Nyla Worker [00:19:26]: Could you elaborate more on that?
Q1 [00:19:28]: Sure. So your characters have a defined personality, behavior knowledge base and knowledge expiry.
Nyla Worker [00:19:34]: Yeah.
Q1 [00:19:34]: So that sounds like it can be codified. There can be a number for that. It can be index. So how have you thought about creating a much larger scale for that where hundreds of thousands of characters are indexed?

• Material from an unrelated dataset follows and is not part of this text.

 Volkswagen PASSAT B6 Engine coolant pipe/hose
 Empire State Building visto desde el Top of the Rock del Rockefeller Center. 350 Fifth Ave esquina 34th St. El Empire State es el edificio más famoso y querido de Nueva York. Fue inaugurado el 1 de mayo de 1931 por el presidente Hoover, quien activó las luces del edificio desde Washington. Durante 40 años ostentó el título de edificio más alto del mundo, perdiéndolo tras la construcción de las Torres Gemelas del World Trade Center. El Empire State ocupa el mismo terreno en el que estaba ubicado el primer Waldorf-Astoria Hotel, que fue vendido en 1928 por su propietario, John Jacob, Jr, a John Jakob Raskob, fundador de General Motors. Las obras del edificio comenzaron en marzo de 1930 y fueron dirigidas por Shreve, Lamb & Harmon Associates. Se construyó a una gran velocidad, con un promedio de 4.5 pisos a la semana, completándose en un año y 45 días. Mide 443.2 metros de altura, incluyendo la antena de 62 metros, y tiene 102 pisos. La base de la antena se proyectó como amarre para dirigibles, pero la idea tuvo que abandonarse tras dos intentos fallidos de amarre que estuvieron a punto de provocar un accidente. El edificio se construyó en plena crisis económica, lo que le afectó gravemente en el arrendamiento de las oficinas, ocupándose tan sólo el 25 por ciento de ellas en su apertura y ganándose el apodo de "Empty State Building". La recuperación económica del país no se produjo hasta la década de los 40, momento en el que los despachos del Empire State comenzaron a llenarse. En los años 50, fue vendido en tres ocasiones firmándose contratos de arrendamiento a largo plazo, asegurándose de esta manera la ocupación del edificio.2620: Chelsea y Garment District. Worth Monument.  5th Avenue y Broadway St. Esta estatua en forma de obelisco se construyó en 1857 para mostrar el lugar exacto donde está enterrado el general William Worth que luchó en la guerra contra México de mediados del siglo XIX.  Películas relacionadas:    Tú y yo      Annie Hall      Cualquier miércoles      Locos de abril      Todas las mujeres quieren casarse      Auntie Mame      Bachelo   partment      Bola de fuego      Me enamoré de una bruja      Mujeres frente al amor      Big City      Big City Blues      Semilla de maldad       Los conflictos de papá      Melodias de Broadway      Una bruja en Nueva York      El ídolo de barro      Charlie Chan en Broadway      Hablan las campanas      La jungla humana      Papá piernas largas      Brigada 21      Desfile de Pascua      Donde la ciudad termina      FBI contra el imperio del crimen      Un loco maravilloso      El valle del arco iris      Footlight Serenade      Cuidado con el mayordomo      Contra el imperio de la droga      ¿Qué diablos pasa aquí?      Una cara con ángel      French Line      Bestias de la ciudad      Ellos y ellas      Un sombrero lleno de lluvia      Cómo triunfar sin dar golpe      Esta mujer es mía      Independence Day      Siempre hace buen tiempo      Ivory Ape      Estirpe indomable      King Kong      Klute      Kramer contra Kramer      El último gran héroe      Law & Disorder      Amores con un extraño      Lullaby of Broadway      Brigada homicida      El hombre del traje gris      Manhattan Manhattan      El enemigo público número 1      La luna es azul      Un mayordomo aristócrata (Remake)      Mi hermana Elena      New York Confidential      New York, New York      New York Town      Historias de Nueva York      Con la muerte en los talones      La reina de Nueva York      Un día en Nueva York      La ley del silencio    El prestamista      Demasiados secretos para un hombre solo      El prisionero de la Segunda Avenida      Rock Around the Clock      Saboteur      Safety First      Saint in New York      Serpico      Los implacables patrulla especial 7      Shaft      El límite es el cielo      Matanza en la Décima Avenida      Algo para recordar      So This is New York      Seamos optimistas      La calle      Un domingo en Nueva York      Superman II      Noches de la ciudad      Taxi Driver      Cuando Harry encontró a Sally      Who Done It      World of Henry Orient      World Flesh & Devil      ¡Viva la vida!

Nyla Worker [00:19:47]: Yeah, so we actually have. Okay, so I. There is that complexity of personality, which is one question, and I think there is another question, which is how do you deal with many characters? So for many characters, when you're creating a game? So with convai, we worked on a game, we had over 60 characters in a real game. So for that, we encompass that in the project structure. And in the project structure, you can have certain characters that just belong to a certain group. And with that we are seeing the requirement of automatically generating certain types of characters with certain personality traits. But that is just one side of the coin on that more detail and personality. So, like, while we give you the big traits, we give you the big five personality traits such that you have something that's very quantifiable of like one through four.
Nyla Worker [00:20:40]: We also let you do a description of the personality and style, and that description has been very unique. And writers like it because they can actually put their own bejazzle in it. And then we are building datasets such that it meets that style and personality description more than the toggles. The toggles are nice, but it's not as free as how we ourselves describe our own personalities. And coming from different cultures, we all know that angry or like bitter, means different things.